Presentation Information

[10p-E219-9]Reinforcement Learning for Adaptive Intensity Control in BB84 QKD

〇(D)MAHIMA KUMAR1 (1.NETAJI SUBHAS UNIVERSITY OF TECHNOLOGY)

Keywords:

Quantum key distribution,Reinforcement learning,BB84 protocol

Quantum key distribution (QKD) guarantees cryptographic security through quantum mechanics, but practical BB84 systems fix the mean photon number μ at design time, wasting power on good channels and risking security on poor ones. We propose an adaptive framework where a Proximal Policy Optimization (PPO) reinforcement learning agent adjusts μ in real time based on the observed channel state. The channel is modelled as a three-state Markov chain representing Good (η=0.60), Medium (η=0.20), and Poor (η=0.06) transmittance conditions. The reward function jointly optimizes the asymptotic GLLP secure key rate and optical power consumption.

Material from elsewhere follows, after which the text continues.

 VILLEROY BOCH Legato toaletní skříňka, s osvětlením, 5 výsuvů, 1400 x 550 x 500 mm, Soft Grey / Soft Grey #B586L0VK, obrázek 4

Simulation over 200 evaluation episodes shows the PPO agent achieves a 0.90% improvement in secure key rate over a tuned static baseline, while maintaining QBER well below the 11% security threshold with zero violations. Results confirm that adaptive intensity control via reinforcement learning is a viable strategy for power-efficient, secure QKD systems.